Team supervision, training and role in broader coordination of community-based teams/activities

  • Supervising the CE/HP team and their activities, in and outside health facilities, reporting difficulties and progress as well as adapting format and content when necessary in close collaboration with medical and logistical teams (depending on the content). Planning and supervising the HR associated processes (recruitment, training, evaluation, development and internal communication) of the CE / HP staff of the project.
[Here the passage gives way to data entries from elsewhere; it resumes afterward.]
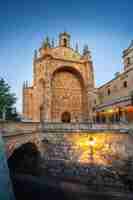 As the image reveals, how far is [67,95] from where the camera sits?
35156mm

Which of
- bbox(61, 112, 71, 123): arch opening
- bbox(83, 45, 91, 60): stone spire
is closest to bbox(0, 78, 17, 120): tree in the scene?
bbox(61, 112, 71, 123): arch opening

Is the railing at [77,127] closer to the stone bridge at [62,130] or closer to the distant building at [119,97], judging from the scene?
the stone bridge at [62,130]

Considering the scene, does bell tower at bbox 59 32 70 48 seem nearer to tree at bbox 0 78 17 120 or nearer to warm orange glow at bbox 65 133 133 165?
tree at bbox 0 78 17 120

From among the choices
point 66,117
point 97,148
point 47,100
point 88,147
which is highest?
point 47,100

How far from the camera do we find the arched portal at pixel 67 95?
33750 mm

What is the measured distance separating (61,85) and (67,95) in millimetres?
2379

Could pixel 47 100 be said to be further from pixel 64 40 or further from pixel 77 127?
pixel 64 40

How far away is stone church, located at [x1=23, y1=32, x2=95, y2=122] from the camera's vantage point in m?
31.4

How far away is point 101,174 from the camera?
64.8 feet

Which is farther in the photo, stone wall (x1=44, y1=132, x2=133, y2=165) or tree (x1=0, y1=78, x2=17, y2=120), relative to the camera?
tree (x1=0, y1=78, x2=17, y2=120)

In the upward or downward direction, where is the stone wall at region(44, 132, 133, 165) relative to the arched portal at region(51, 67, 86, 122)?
downward

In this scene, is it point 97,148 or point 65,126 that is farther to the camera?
point 65,126

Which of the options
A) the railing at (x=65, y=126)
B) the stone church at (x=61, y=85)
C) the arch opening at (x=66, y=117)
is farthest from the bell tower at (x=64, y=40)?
the railing at (x=65, y=126)

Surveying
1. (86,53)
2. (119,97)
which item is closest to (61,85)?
(86,53)
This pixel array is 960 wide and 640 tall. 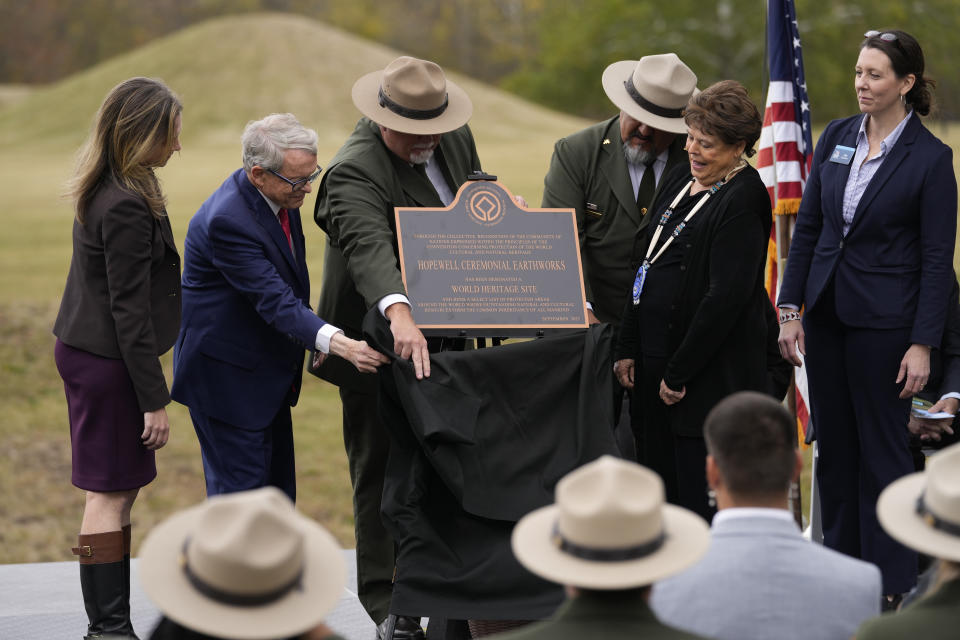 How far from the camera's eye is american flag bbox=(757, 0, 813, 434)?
20.1ft

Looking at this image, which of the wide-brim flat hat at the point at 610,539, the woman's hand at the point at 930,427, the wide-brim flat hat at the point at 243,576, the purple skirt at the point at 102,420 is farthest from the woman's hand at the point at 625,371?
the wide-brim flat hat at the point at 243,576

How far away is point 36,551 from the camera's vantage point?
27.2ft

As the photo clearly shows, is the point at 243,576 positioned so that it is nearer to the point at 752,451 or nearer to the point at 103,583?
the point at 752,451

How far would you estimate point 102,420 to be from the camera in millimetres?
4570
This will be done in close coordination with the HR department, the administration manager, PMR and project coordinator and according to MSF vision, values and procedures.
  • Regular training/coaching of MSF teams (and where relevant also MoH staff) on community/patient engagement to integrate the PCA approach transversally in all positions (the curiosity, the empathy, the listening, the accountability, etc.).
  • Proactively contribute to the coordination of all community-based teams to maximize synergies, avoid duplication, improve duty of care and simplify management (even if individual team members are hierarchically under different activity managers/coordinators).

On request

  • Participate in field assessments or exploratory missions (focus on understanding the consequences of the crisis on the population, their priorities and preferences as well as strengths and coping mechanisms).
  • Identify factors of vulnerability and how they affect different segments of the community.
  • Identify and address barriers of access of all segments of the community to MSF services (in terms of ethnicity, religion, gender, age, various vulnerabilities, etc.).
  • Further the understanding of community dynamics, health seeking behaviour, cultural practices, demographic and geographic specificities, and how the crisis is impacting the population.

Qualifications

  • Either (1) a university degree in social sciences, social communication, health promotion or related studies, or (2) sufficient relevant work experience to develop the necessary expertise to fulfill the role (which would include community engagement and/or project management experience)
  • Essential, working experience of in related jobs (community engagement, project coordination, social research)
  • Demonstrable background in the development of strategies and workplans.
  • Demonstrable experience in use of participatory methods/approach
  • Experience in management of teams as well as remote supervision
  • Experience in quantitative and qualitative data analysis

​Language

  • Mission Language essential; Local Working Language Desirable

Knowledge

  • Essential computer literacy (word, excel and internet)

Competencies

  • Commitment to MSF Principles L3
  • Service orientation L3
  • Cross-cultural awareness L3
  • Planning and organizing L3
  • Behavioural Flexibility L3
  • Results and Quality Orientation L3
  • Writing, presentation and facilitation L3
  • Teamwork and Cooperation L3
  • People Management and Development L2
  • Security awareness and management L2

Information

The protection of your personal data is important to MSF. By submitting your application, you consent to MSF using your personal data only for the recruitment process to have all the information and documents necessary to proceed with the recruitment, validation of your application and selection of the most suitable candidate. Your personal data will be treated confidentially. MSF will not use your personal data in any other way not foreseen for purposes of recruitment.

MSF is an equal-opportunity employer and does not charge any application/ recruitment fee. Women and persons with disability are encouraged to apply.